Using Node Selectors#
The ICE ClusterWare ™ node selector language can provide a quick, powerful way to target actions at ad hoc groups of compute nodes. Since the language can operate on administrator-defined attributes, they can be highly customized to the administrator’s own cluster and needs.
This section gives additional detail and examples using complex node selectors. For a basic explanation, see Node Selectors.
Example Cluster#
For the examples shown here, assume a cluster set up as follows:
Rack 0
Head node - head1
Storage
Cluster core network
Rack 1: shared by all users
Compute nodes n0 - n39
32 CPUs (11th Gen)
64 GB RAM
Rack 2: owned by Engineering Department
Compute nodes n40 - n79
32 CPUs (11th Gen)
256 GB RAM
Rack 3: owned by Data Science Department
Compute nodes n80 - n119
64 CPUs (11th Gen)
64 GB RAM
Rack 4: owned by Data Science Department
Compute nodes n120 - n159
64 CPUs (11th Gen)
64 GB RAM
Rack 5
Owned by Engineering Department
Compute nodes n160 - n179
32 CPUs (12th Gen)
256 GB RAM
Owned by Data Science Department
GPU compute nodes gpu0 - gpu19
16 CPUs
64 GB RAM
GPU accelerator
Configure Example Cluster#
The following steps complete the example cluster configuration, including adding custom attributes:
Set rack locations:
cw-nodectl -in[0-39] set rack_location=1 cw-nodectl -in[40-79] set rack_location=2 ... cw-nodectl -igpu[0-19] set rack_location=5
Since the
rack_locationattribute does not exist on a default cluster (it's not one of the Reserved Attributes), the firstsetcommand creates the new attribute.Create attribute groups:
cw-attribctl create name=AllDepts cw-attribctl create name=EngDept cw-attribctl create name=DataSciDept cw-attribctl create name=GpuGroup
Join nodes to the attribute groups:
cw-nodectl -in[0-179],gpu[0-19] join AllDepts cw-nodectl -in[40-79,160-179] join EngDept cw-nodectl -in[80-159],gpu[0-19] join DataSciDept cw-nodectl -igpu[0-19] join GpuGroup
Customize the boot configurations if needed. Most compute nodes have
_boot_config=DefaultBoot.cw-imgctl -iDefaultImage clone name=GpuImage cw-bootctl -iDefaultBoot clone name=GpuBoot image=GpuImage
Customize the GPU environment:
cw-modimg -iGpuBoot –chroot
Use Node Selectors to Take Actions#
After configuring the example cluster, the following commands take action on sets of nodes using the node selector.

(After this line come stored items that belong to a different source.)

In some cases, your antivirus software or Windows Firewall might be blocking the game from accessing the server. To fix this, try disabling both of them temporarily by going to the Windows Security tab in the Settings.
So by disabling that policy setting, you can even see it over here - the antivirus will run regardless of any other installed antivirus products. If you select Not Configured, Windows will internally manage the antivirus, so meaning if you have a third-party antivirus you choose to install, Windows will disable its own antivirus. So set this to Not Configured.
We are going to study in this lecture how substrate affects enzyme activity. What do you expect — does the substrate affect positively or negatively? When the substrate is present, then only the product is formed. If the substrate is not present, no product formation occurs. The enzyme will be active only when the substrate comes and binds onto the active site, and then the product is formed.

Power off all nodes with the “rack_location” attribute set to 5 (that is, power off everything in rack 5):
cw-nodectl –selector “attributes[rack_location]==5” power off
Tip
While we might be implicitly thinking about compute nodes in this example, you can also tag top-of-rack switches, storage devices, and so on with “rack_location” attributes and then you can truly power off the entire rack with a single command.

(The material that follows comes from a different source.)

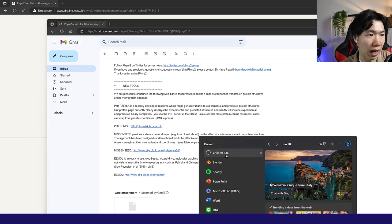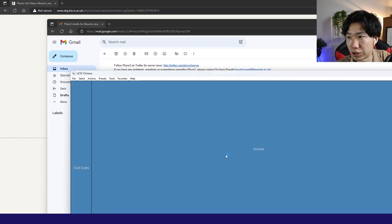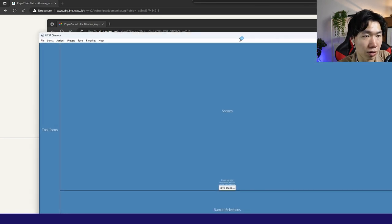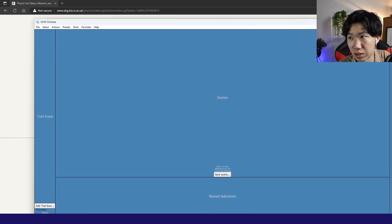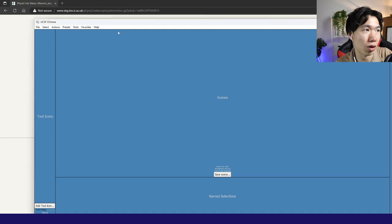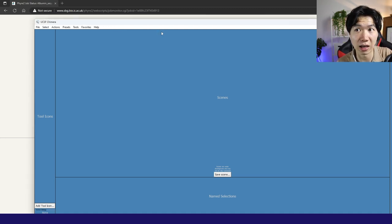That's open Chimera. This is also a free software that you can download from University of San Francisco. With Chimera, you can open PDB file. PDB stands for protein data bank.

Reboot all “11th Gen CPU” servers (perhaps after applying a patch):
cw-nodectl –selector “ ‘11th Gen CPU’ in hw[cpu_model]” reboot
Note
In this case, we surround the string with single quotes to account for the spaces inside the string (backslash-escaped double quotes would also work). Also, note the use of the ‘in’ operator, which tests for a string within a string.